[PROVIDED DATA — start]
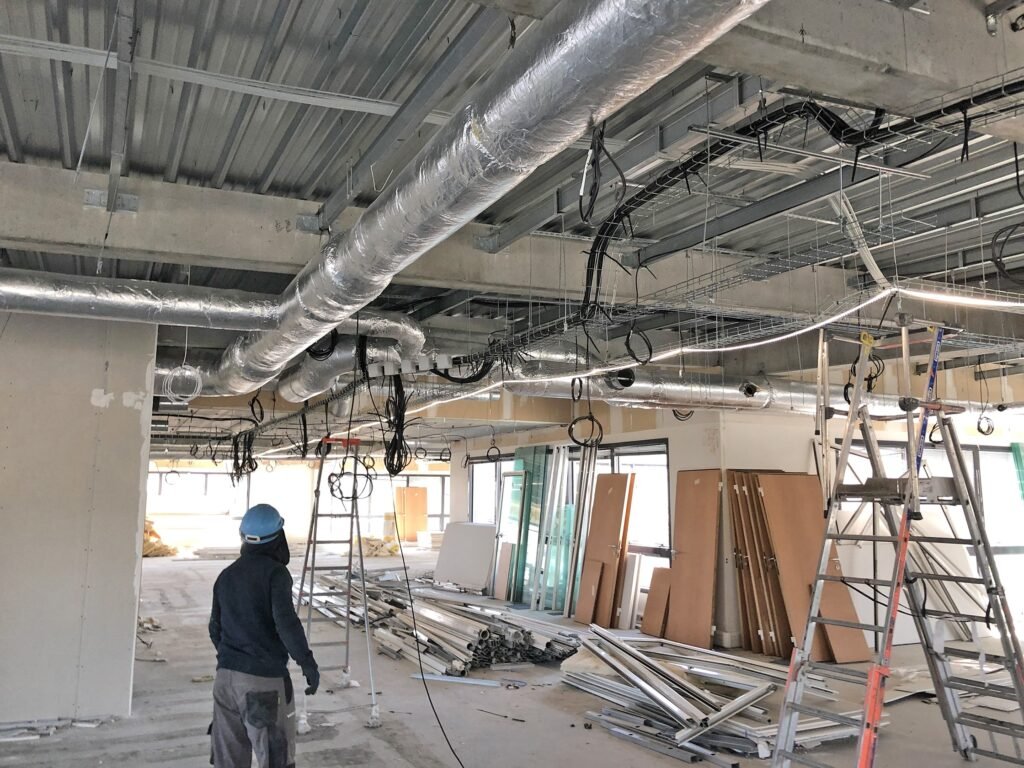 Un ouvrier de la construction se tient dans un bâtiment inachevé où sont exposés des conduits, des câbles électriques, des échelles et des matériaux de construction éparpillés sur le sol.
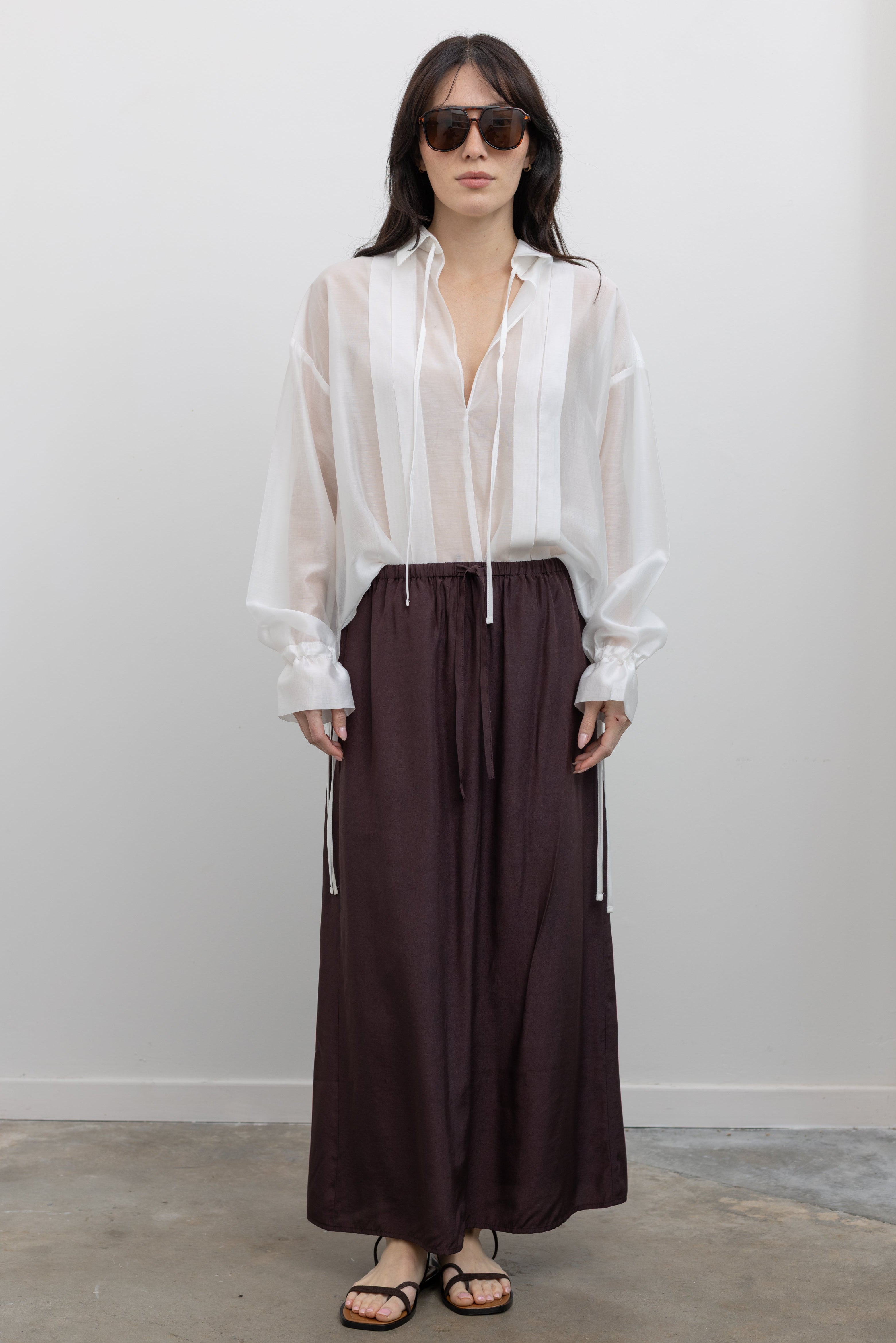 Full length front view of a woman wearing spring fashion in a chic and versatile Mijeong Park dark brown midi to maxi length skirt featuring an elastic drawstring waistband and discreet back slit paired with Collective brand white organza sheer blouse and black strappy sandals at an Alas Eius store. 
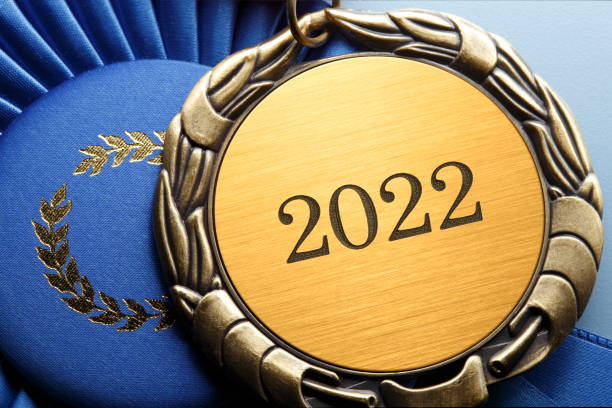 Close Up Of Medal Engraved With The Year 2022 Next To Blue Ribbon stock photo
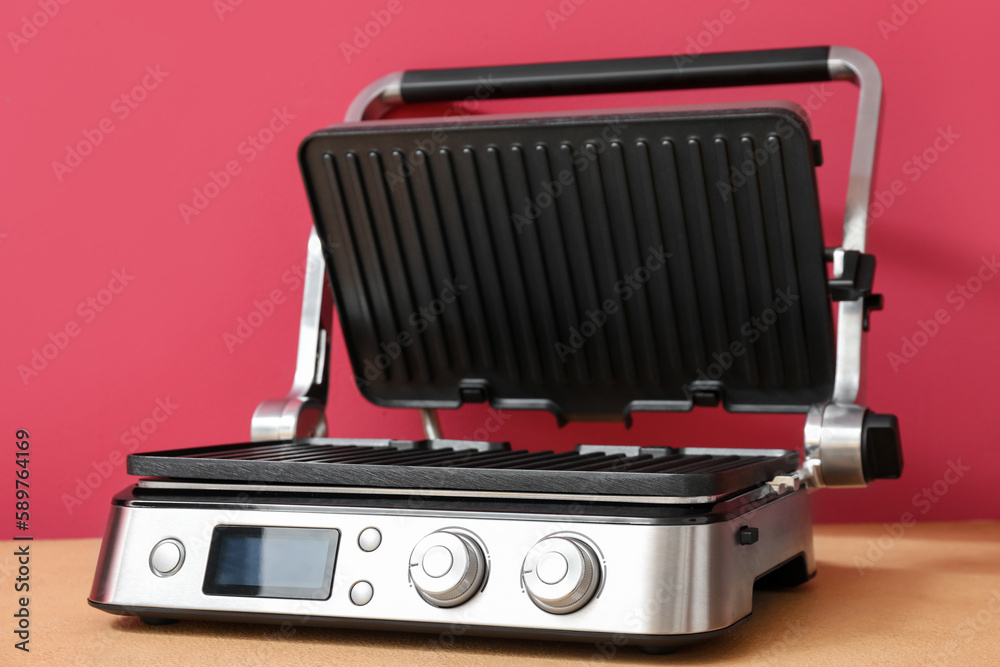 Modern electric grill with open lid on beige table against red background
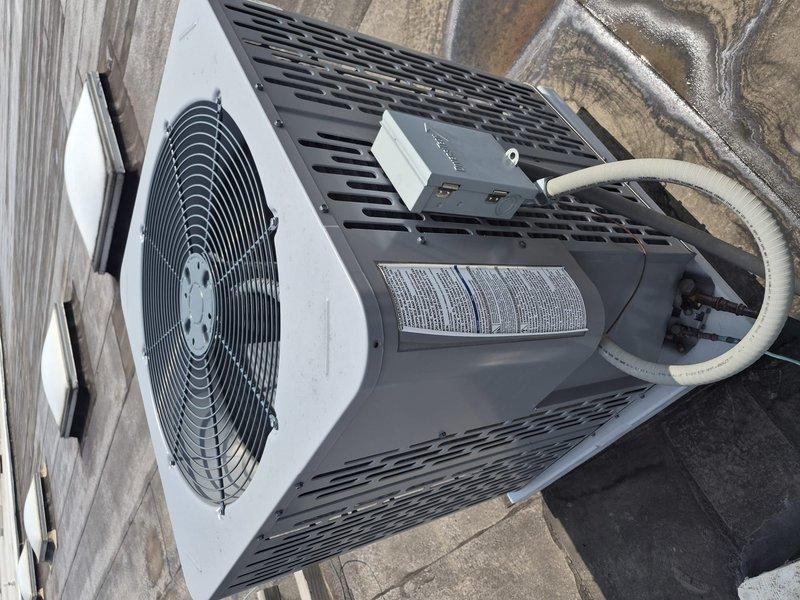 Responded to no cooling complaint at commercial facility under CSA coverage. Accessed lockbox per instructions and located outdoor condensing unit on rooftop. Performed visual inspection of HVAC system including exterior condensing unit, refrigerant lines, fan assembly, and internal mechanical components. Unit appeared operational with no visible damage, deterioration, or refrigerant leaks observed. Documented equipment condition with photographs showing condensing unit, motor assembly, and ventilation components displaying normal operational wear and dust accumulation typical of regular use.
[PROVIDED DATA — finish]
### PROBLEM TO WORK ON
Make an exact copy of the data above, pictures excluded.

### ANSWER BOX
 Un ouvrier de la construction se tient dans un bâtiment inachevé où sont exposés des conduits, des câbles électriques, des échelles et des matériaux de construction éparpillés sur le sol.
 Full length front view of a woman wearing spring fashion in a chic and versatile Mijeong Park dark brown midi to maxi length skirt featuring an elastic drawstring waistband and discreet back slit paired with Collective brand white organza sheer blouse and black strappy sandals at an Alas Eius store. 
 Close Up Of Medal Engraved With The Year 2022 Next To Blue Ribbon stock photo
 Modern electric grill with open lid on beige table against red background
 Responded to no cooling complaint at commercial facility under CSA coverage. Accessed lockbox per instructions and located outdoor condensing unit on rooftop. Performed visual inspection of HVAC system including exterior condensing unit, refrigerant lines, fan assembly, and internal mechanical components. Unit appeared operational with no visible damage, deterioration, or refrigerant leaks observed. Documented equipment condition with photographs showing condensing unit, motor assembly, and ventilation components displaying normal operational wear and dust accumulation typical of regular use.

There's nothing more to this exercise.